Current Song: You Can Never Hold Back Spring by Tom Waits

Sorry I've been out for a while folks. I ran out of ideas and then I got in a funk. I should be back now, I think.

Yesterday was a baking day over at my house again. You all know that I have a very talented sister and mother who are avid bakers. You also know that I hate baking but am an avid eater of it. If there was a Department of Ironic Punishments in my version of hell, it would probably involve baking...and gym class (Yes it's Treehouse of Horrors time).
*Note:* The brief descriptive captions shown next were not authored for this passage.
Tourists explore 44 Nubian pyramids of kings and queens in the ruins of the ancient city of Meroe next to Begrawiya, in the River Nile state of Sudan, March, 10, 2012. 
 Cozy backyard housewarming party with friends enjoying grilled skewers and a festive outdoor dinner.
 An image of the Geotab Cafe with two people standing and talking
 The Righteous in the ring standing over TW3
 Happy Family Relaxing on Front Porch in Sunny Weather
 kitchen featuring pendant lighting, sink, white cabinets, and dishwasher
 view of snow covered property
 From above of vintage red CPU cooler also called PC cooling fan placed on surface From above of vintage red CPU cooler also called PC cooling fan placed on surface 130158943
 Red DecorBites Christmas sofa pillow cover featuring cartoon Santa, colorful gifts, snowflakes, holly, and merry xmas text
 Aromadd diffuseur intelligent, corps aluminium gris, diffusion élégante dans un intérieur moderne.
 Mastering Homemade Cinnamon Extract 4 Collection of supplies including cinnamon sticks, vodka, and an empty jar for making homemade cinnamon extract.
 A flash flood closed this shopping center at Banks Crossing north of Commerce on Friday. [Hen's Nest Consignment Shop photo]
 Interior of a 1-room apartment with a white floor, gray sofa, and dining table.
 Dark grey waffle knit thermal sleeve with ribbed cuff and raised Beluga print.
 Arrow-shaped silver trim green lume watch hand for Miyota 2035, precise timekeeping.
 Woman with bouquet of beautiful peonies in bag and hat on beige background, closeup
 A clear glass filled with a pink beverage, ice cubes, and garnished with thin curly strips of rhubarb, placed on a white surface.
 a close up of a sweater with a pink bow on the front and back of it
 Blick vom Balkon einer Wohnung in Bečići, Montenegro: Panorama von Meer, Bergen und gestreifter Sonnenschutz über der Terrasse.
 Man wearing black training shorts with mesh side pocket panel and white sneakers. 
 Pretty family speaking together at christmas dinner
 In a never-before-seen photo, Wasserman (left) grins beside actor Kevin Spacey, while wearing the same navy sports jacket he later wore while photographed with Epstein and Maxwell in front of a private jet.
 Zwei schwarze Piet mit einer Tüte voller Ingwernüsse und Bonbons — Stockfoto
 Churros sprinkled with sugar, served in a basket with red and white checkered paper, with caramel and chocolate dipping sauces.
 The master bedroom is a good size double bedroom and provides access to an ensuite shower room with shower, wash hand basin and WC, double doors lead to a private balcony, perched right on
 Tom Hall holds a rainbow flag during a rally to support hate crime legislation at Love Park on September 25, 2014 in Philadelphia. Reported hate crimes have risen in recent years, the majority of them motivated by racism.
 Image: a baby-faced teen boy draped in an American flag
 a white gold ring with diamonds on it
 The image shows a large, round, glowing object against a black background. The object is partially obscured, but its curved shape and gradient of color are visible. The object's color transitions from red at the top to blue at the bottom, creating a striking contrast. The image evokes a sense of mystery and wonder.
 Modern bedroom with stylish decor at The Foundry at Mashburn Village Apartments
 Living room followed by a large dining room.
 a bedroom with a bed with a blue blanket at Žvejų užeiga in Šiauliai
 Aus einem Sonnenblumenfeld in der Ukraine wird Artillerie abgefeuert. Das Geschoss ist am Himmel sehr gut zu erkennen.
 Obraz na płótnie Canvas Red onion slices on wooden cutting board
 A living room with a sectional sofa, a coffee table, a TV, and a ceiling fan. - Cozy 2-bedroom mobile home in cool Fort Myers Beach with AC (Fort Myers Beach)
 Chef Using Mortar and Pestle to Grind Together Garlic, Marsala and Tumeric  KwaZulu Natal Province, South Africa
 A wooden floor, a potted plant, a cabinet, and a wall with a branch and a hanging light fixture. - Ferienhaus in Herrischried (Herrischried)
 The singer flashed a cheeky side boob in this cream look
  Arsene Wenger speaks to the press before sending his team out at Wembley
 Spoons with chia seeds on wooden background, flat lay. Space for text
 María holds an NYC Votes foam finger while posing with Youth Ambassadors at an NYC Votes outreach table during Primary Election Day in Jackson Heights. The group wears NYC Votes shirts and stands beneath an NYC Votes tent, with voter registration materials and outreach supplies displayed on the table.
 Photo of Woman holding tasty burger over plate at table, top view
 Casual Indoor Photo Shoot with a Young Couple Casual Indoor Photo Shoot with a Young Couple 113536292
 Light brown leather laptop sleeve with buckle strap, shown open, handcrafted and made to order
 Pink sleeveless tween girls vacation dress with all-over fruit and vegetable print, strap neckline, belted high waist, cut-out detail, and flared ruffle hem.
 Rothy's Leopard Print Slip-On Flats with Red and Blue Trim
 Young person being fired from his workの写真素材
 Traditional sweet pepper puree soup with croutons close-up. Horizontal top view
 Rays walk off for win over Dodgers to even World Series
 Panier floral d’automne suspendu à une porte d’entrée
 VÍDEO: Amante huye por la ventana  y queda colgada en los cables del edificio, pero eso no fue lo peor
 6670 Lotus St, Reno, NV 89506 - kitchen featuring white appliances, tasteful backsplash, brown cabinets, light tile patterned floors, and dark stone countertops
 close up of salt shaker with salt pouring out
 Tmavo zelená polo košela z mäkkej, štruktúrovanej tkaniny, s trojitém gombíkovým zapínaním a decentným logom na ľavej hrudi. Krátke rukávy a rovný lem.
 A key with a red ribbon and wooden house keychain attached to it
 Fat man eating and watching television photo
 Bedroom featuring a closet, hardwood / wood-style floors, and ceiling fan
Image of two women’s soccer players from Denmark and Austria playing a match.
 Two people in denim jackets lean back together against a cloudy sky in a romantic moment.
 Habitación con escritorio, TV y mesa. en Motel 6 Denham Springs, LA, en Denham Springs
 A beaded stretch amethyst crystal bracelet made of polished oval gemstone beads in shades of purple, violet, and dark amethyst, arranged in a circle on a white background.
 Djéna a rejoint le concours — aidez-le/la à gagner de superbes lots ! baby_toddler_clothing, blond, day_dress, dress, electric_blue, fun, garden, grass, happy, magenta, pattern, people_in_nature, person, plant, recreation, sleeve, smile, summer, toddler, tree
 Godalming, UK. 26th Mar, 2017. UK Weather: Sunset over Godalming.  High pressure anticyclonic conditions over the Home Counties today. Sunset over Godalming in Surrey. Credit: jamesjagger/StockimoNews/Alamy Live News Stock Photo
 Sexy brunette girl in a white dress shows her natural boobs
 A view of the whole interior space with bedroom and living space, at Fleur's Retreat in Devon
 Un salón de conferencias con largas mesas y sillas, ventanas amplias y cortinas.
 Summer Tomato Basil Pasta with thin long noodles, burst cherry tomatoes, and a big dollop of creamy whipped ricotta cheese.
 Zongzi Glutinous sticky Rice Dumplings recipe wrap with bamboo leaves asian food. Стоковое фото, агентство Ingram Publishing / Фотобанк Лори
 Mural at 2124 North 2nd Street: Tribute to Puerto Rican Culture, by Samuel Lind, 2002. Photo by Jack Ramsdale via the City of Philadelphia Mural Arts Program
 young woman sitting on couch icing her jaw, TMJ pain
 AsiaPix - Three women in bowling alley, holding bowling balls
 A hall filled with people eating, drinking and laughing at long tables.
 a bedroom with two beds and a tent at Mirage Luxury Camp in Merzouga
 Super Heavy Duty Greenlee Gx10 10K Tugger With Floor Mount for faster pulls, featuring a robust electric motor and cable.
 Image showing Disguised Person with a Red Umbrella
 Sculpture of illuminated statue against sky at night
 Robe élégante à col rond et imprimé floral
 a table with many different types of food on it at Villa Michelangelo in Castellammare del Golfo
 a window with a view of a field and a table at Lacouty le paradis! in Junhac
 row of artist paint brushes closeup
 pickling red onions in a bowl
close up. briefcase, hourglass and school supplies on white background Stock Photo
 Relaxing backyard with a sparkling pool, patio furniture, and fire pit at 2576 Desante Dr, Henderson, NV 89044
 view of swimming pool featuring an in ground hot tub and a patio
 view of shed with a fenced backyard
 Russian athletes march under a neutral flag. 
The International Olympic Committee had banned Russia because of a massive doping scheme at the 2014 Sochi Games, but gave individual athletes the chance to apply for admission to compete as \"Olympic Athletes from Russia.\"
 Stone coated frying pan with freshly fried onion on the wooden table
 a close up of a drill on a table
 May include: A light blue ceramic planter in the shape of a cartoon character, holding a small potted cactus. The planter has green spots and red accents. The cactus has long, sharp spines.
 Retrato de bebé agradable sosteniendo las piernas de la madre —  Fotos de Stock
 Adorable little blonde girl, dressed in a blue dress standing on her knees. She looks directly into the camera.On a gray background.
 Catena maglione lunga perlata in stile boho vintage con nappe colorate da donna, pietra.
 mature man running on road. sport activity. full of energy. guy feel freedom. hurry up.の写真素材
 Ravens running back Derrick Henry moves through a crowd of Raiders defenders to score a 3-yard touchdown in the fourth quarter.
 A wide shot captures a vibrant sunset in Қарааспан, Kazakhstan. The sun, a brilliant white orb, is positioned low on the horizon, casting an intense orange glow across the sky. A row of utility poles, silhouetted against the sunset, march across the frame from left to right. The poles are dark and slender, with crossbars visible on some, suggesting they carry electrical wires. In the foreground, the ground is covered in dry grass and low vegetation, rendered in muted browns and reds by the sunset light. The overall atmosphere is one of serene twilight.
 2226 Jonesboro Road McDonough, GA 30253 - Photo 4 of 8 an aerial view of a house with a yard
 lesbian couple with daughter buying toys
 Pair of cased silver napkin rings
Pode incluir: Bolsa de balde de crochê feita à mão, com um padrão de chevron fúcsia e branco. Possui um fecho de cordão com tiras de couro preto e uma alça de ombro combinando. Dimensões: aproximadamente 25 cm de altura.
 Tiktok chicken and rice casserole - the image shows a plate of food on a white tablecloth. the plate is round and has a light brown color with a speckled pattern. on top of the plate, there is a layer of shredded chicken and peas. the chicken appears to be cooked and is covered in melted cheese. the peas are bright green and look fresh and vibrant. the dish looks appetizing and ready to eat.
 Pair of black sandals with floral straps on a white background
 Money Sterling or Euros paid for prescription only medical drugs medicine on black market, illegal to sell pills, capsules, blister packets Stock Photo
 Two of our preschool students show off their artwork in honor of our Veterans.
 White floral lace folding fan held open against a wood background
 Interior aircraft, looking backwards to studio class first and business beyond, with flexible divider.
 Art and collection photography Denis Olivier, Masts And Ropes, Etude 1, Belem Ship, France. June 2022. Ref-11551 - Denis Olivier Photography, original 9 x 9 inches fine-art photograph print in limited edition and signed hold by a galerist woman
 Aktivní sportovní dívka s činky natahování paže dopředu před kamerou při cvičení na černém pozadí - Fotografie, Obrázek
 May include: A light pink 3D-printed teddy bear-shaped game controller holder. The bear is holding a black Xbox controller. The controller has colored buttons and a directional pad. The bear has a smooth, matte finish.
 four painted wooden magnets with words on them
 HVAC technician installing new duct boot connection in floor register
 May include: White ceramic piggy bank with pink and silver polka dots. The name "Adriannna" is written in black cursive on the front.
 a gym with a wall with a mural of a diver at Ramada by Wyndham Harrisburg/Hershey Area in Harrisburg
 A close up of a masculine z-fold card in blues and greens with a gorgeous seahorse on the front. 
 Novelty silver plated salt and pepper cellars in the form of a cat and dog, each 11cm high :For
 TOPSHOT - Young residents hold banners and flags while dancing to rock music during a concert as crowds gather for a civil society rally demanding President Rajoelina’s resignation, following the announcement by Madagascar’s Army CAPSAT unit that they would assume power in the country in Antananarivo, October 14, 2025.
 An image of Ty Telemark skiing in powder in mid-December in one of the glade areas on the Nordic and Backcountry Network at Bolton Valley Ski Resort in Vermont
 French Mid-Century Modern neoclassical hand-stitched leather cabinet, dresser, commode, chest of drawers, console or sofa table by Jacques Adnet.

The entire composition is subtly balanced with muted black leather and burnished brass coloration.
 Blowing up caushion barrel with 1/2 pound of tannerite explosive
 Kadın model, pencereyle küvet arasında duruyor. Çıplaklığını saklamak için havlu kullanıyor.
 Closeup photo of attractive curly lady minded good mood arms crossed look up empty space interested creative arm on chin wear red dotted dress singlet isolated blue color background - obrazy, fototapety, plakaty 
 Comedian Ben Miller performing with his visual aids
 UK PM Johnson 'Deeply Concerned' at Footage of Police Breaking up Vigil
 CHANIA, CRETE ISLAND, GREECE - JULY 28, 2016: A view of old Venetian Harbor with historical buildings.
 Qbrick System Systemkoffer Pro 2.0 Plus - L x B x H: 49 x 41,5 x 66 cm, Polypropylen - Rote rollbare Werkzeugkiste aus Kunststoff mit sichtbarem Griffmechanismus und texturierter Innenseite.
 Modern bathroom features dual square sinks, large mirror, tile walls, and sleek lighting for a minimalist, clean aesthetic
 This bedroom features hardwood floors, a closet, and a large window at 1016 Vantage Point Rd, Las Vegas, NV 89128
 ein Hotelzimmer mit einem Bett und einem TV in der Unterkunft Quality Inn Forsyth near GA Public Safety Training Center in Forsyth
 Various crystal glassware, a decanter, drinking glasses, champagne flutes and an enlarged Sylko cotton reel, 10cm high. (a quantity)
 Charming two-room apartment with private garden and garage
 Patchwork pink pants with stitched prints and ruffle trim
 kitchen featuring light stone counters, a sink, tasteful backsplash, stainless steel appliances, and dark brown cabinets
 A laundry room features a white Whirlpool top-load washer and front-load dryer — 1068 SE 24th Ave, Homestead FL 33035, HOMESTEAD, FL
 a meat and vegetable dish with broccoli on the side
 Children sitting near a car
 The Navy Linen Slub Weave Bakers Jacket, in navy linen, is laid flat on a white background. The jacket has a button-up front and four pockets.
In any case, I stumbled my way through baking, keeping up with my quick and deftly moving mother and finishing a bunch of cake in record time. Just because I dislike something doesn't mean I can't be good at it. Right?
Well. I guess.

This was the result of "dirty icing" the cake (which is essentially a preliminary coating of icing before the good stuff). It looks like it was attacked by wild dogs, but it got the job done. Good.




And this is what I thought of it. Boo-urns indeed!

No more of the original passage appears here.